Formerly a court of chancery had no power to award damages in matters of injunction, and now has the power only by virtue of the statute in cases where the injunction is dissolved. The failure to maintain the injunction in the one case, and to successfully prosecute the replevin suit in the other, is all the analogy that exists, and in both such cases attorney’s fees are allowable as a part of the damages.

But in the suit in which an injunction is improperly granted no attorney’s fees for trying the main case are allowable, nor can they be allowed for services in the suit upqn the replevin bond.

An action at law is based upon the state of facts existing when the suit is begun, and claims not then due can not be properly included in the judgment.

When this suit was begun no attorney’s fees in it had been earned, and there could be no recovery for such as might be subsequently earned. Nickerson v. Babcock, 29 Ill. 497; Easter v. Boyd, 79 Ill. 325.
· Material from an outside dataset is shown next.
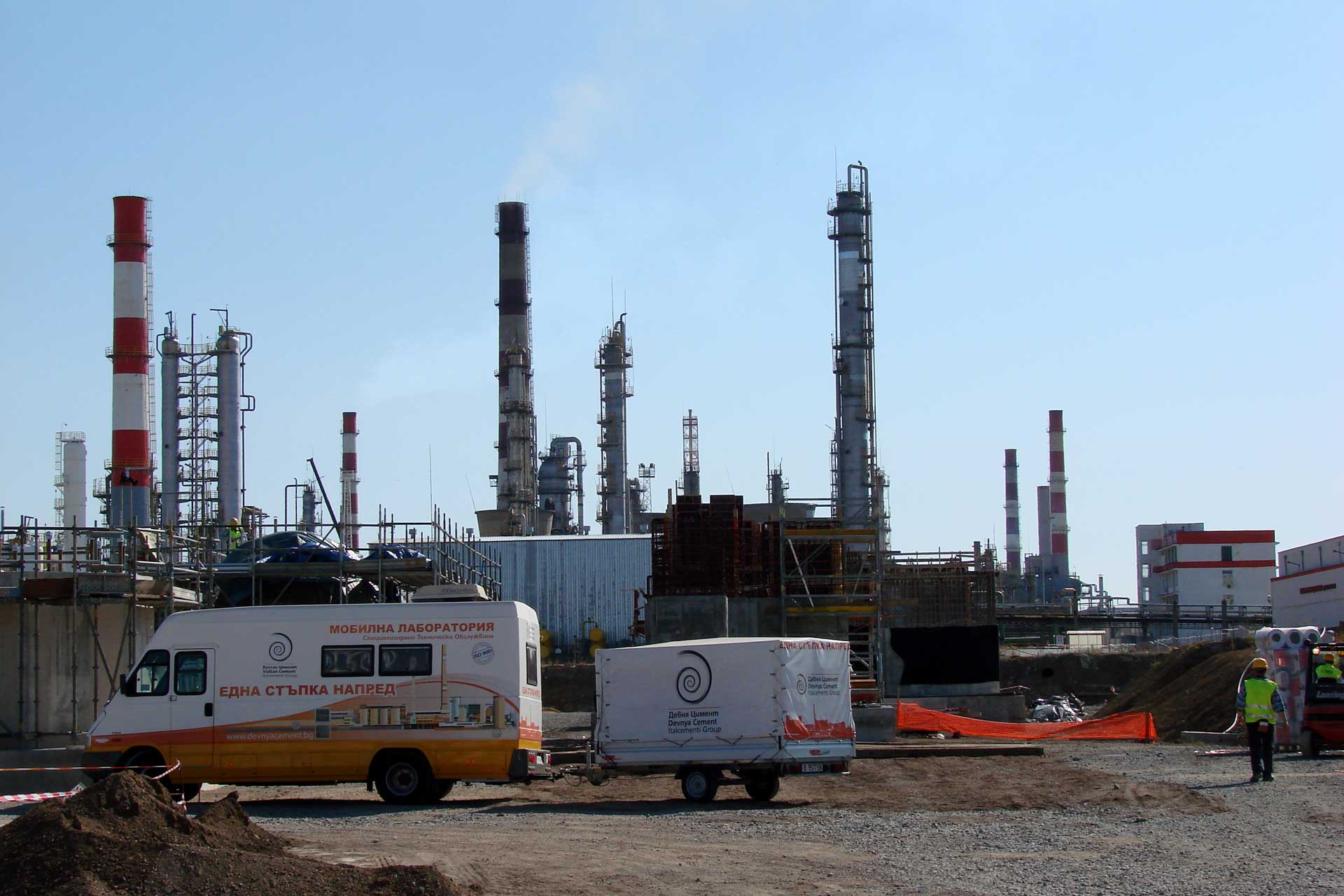 An industrial setting with multiple tall structures such as chimneys and distillation columns, indicative of a refinery or chemical plant. In the foreground, there are vehicles including a white van and a trailer, and two individuals wearing high-visibility vests, indicating construction or maintenance activity.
The instruction was plainly erroneous. But appellees suggest that such error does not go to the right of appellees to recover, and may be cured by remittitur, if this court should require it, as a condition of affirming the judgment.

We should not be prepared to say the suggestion is not pertinent, if there were no other substantial error in the record.
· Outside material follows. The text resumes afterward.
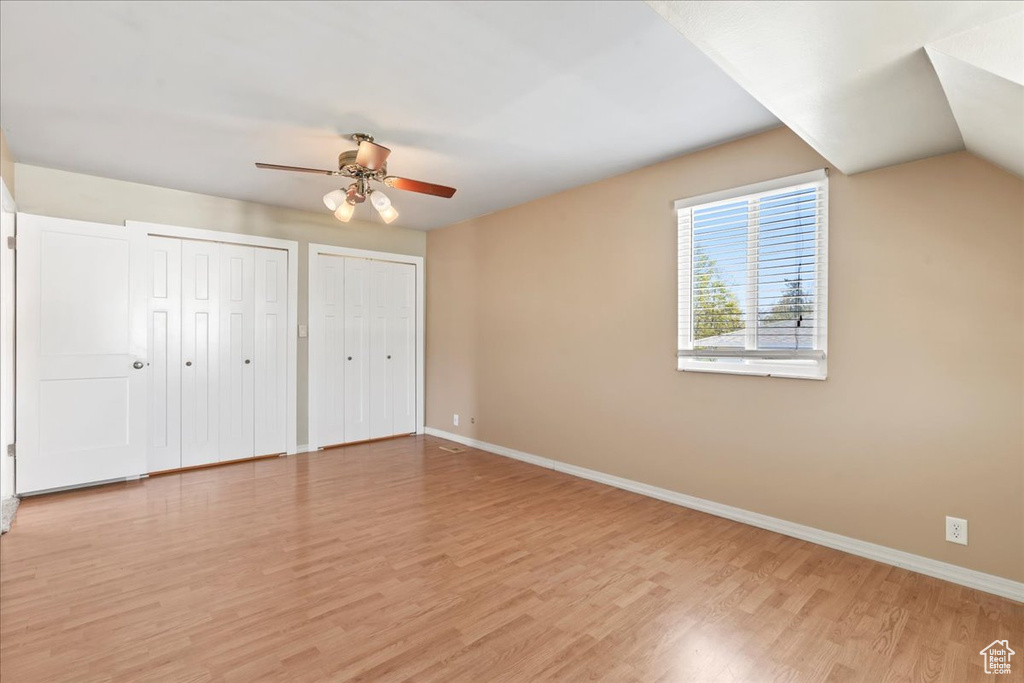 Unfurnished bedroom with multiple closets, light wood-style flooring, and a ceiling fan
It appears that the judgment in the replevin suit was not rendered upon the merits, hence, in this suit upon the bond, the merits of the case were open to inquiry, and in that investigation it was competent for the appellants to show ‘ that Abbie W. "Washburne had bought the property replevied, and paitl for it, and was in possession of it before the justice’s execution was issued or levied.

Without prolonging this opinion to undue length, it is enough to say that it seems to have been the theory of the County Court that because one of the parties from whom Abbie W. Washburne bought the property was her husband, with whom she was living, and the bill of sale was not executed and recorded as required by the statute (Ch. 68, Sec. 9), she took nothing under it as against appellee Gehm, who was a creditor of the firm of which her husband was a partner, and from whom she purchased. Abbie W. Washburne claims to have bought the property of a copartnership firm, composed of her husband and her son, and received a bill of sale therefor. She offered the bill of sale in evidence, but it was rejected.
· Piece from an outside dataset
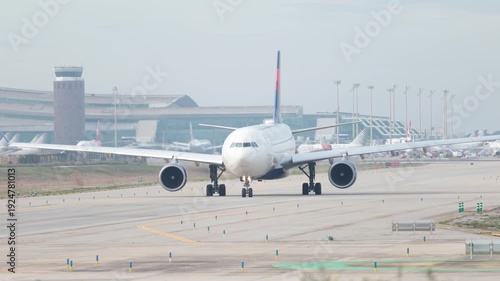  Airplane is preparing for takeoff on the runway in an airport of Barcelona. High quality 4k footage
We regard such ruling as substantial error. Even if the statute does apply so as to make void as to creditors the transfer from the husband to the wife of his interest in the firm property, it clearly has no application to the interest of the other partner, which passed by the bill of sale. There was evidence tending to show that an open and visible change of possession took place under the bill of sale, and the exclusion from the jury of the bill of sale was well calculated to turn the scale against appellants.

If there be any minor errors they are such as will probably be avoided upon another trial. The question of whether the replevied property was tendered back in performance of the condition of the replevin bond, is one of fact, which we do not discuss.

Upon another trial, the bill of sale and what was paid and how paid, and what was done under it by Abbie W. Washburne, should be permitted to be shown. The jury can then pass upon the questions of good faith, etc., in the light of the whole transaction.

For the errors indicated, the judgment of the County Court is reversed and the cause remanded.